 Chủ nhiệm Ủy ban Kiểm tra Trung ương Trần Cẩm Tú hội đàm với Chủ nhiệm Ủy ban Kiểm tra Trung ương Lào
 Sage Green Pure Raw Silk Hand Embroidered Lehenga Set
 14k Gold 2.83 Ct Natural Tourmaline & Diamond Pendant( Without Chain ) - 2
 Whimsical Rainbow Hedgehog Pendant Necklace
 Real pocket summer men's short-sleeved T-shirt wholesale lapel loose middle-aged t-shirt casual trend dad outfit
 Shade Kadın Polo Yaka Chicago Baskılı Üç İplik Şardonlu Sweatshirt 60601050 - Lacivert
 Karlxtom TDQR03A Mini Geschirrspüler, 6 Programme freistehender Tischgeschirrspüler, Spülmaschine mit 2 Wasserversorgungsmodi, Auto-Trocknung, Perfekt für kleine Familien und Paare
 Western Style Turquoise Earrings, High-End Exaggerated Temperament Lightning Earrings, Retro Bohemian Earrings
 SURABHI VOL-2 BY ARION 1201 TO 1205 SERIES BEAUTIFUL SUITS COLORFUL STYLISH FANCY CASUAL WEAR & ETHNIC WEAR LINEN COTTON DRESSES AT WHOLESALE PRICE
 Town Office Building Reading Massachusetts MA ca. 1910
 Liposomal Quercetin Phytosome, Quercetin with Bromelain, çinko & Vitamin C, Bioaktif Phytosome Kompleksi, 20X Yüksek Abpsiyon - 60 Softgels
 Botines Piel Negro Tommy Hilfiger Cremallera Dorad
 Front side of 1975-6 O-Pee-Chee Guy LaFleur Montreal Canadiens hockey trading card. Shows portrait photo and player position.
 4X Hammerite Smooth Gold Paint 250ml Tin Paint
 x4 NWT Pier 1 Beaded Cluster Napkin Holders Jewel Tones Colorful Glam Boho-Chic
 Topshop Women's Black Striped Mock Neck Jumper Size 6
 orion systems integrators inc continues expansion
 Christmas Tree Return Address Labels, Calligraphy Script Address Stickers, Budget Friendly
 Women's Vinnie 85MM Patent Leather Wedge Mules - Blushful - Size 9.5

==*==

_WORK REQUIRED_.
An exact repetition of all the records above is required.

_ANSWER FOR THIS EXERCISE_.
 Chủ nhiệm Ủy ban Kiểm tra Trung ương Trần Cẩm Tú hội đàm với Chủ nhiệm Ủy ban Kiểm tra Trung ương Lào
 Sage Green Pure Raw Silk Hand Embroidered Lehenga Set
 14k Gold 2.83 Ct Natural Tourmaline & Diamond Pendant( Without Chain ) - 2
 Whimsical Rainbow Hedgehog Pendant Necklace
 Real pocket summer men's short-sleeved T-shirt wholesale lapel loose middle-aged t-shirt casual trend dad outfit
 Shade Kadın Polo Yaka Chicago Baskılı Üç İplik Şardonlu Sweatshirt 60601050 - Lacivert
 Karlxtom TDQR03A Mini Geschirrspüler, 6 Programme freistehender Tischgeschirrspüler, Spülmaschine mit 2 Wasserversorgungsmodi, Auto-Trocknung, Perfekt für kleine Familien und Paare
 Western Style Turquoise Earrings, High-End Exaggerated Temperament Lightning Earrings, Retro Bohemian Earrings
 SURABHI VOL-2 BY ARION 1201 TO 1205 SERIES BEAUTIFUL SUITS COLORFUL STYLISH FANCY CASUAL WEAR & ETHNIC WEAR LINEN COTTON DRESSES AT WHOLESALE PRICE
 Town Office Building Reading Massachusetts MA ca. 1910
 Liposomal Quercetin Phytosome, Quercetin with Bromelain, çinko & Vitamin C, Bioaktif Phytosome Kompleksi, 20X Yüksek Abpsiyon - 60 Softgels
 Botines Piel Negro Tommy Hilfiger Cremallera Dorad
 Front side of 1975-6 O-Pee-Chee Guy LaFleur Montreal Canadiens hockey trading card. Shows portrait photo and player position.
 4X Hammerite Smooth Gold Paint 250ml Tin Paint
 x4 NWT Pier 1 Beaded Cluster Napkin Holders Jewel Tones Colorful Glam Boho-Chic
 Topshop Women's Black Striped Mock Neck Jumper Size 6
 orion systems integrators inc continues expansion
 Christmas Tree Return Address Labels, Calligraphy Script Address Stickers, Budget Friendly
 Women's Vinnie 85MM Patent Leather Wedge Mules - Blushful - Size 9.5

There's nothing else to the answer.